17 senior (more than 5 years of professional experience) and 16 junior (less than 5 years of professional experience) EU Aid Volunteers will be deployed in 12 countries (Bolivia, Burkina Faso, Burundi, Guatemala, Jordan, Lebanon, Mauritania, Mozambique, Nicaragua, Palestine, Peru, Tunisia).
The project aims also at building the capacities of local organizations in hosting volunteers, preventing emergencies and being prepared in case of disaster.
Moreover, Europeans and locals will work together to strengthen the resilience capacity of vulnerable communities in least developed and fragile countries.
More info about this project available here:
In the framework of this project GVC deploys 2 EU Aid Volunteers to Lebanon. To know more EUAV opportunities in this Country with GVC please consult this page: https://webgate.ec.europa.eu/echo/eu-aid-volunteers_en/gvc-gruppo-di-volontariato-civile_en Operational details & security context
Lebanon, a country of 4.4 million inhabitants, is a sharply divided nation whose fragile peace is routinely threatened by conflicts taking place across the Middle East.
Beyond the tensions that endure between its various religious and political factions, Lebanon also faces a number of humanitarian hurdles like an underdeveloped agricultural south, a growing refugee burden and spillover from the war in neighboring Syria.
In fact, Lebanon is hosting around 1.1 million Syrian refugees (including non–registered), 42 000 Palestinian refugees from Syria, 6 000 Iraqi refugees and nearly 450 000 refugees from Palestine. This makes it the highest per-capita concentration of refugees worldwide, where one person out of four is a refugee. Since the outbreak of the Syrian crisis in 2011, hundreds of thousands of refugees have crossed into Lebanon seeking safety and shelter, more than 75% of which are children and women. This influx has added strain on the country’s economy and infrastructure.

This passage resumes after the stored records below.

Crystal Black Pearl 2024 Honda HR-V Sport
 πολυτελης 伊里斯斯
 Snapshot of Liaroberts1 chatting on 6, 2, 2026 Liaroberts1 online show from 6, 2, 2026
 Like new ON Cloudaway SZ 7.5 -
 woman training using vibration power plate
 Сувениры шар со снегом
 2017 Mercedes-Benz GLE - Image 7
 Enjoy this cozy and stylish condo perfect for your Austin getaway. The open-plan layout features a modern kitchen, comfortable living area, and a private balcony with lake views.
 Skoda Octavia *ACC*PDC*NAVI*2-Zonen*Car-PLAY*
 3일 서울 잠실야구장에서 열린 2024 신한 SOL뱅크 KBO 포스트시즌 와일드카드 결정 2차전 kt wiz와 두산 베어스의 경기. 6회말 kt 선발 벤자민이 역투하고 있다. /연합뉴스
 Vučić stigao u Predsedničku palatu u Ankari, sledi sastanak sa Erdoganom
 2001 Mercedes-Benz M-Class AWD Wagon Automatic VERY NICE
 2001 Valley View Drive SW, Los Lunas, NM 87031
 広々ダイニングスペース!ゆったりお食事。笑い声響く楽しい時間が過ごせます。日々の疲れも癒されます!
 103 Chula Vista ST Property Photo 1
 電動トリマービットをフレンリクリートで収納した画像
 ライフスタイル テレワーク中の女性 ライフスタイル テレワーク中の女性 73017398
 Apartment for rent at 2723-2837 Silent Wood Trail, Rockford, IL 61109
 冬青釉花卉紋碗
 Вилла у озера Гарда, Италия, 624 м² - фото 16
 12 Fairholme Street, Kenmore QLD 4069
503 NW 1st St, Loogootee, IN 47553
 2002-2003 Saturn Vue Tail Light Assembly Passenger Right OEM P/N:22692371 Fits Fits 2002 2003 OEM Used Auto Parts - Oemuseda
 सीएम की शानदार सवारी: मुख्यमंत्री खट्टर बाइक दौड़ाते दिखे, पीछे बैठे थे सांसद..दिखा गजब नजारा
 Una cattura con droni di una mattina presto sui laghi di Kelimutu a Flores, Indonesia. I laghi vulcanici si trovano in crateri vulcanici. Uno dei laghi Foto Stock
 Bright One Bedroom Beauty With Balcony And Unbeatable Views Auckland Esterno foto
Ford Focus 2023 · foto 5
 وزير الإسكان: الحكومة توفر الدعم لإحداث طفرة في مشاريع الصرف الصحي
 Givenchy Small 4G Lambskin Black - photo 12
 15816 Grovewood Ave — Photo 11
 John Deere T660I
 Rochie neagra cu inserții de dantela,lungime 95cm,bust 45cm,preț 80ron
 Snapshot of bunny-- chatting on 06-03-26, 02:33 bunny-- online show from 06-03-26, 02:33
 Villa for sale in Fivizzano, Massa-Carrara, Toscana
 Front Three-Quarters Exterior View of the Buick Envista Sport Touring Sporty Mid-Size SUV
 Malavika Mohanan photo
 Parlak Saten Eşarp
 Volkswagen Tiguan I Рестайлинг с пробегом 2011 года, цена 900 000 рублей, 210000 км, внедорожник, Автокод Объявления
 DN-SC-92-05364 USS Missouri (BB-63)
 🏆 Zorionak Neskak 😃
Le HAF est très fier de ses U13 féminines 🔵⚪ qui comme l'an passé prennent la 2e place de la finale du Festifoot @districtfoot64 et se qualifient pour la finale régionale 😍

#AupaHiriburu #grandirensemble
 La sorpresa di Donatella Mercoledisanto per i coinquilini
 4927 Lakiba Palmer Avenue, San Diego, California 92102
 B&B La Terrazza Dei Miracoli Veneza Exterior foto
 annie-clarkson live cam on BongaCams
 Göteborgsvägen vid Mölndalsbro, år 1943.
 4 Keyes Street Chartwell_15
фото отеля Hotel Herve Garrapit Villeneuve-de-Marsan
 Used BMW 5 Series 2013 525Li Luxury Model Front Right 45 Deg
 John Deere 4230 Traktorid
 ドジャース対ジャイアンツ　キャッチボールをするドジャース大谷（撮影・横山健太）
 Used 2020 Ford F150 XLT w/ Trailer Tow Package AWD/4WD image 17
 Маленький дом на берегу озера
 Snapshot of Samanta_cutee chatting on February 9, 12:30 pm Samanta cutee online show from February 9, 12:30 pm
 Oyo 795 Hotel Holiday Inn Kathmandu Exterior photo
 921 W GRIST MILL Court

The pressure is felt in all sectors including education, health, housing, water and electricity supply. As time goes by, competition for jobs and resources is also fueling tensions in certain areas between Lebanese host communities and Syrian refugees. Security along the border areas, particularly in Akkar and the northern Bekaa Valley, make humanitarian access and the delivery of assistance very challenging. The fighting in Arsal in August 2014 was a turning point. It led to a much more restrictive policy and crystallised tensions between Lebanese and Syrian refugees. Lebanon is in an earthquake zone, but there have been no damaging tremors in recent years.
The security situation in Lebanon is unpredictable. Driving standards are poor and the accident rate is quiet high.
In view of the situation in Lebanon in terms of security, all the necessary instructions and security manuals and rules will be given to the EU Aid Volunteer.
The EU Aid Volunteer will be hosted by GVC Lebanon, responsible of coordination and implementation of activities at national level. The EU Aid Volunteer will also work in direct coordination with local implementing partners aiming to building local community resilience to disasters.
We uphold the Humanitarian Principles: humanity, neutrality, impartiality and independency.
We affirmatively engage the most vulnerable communities.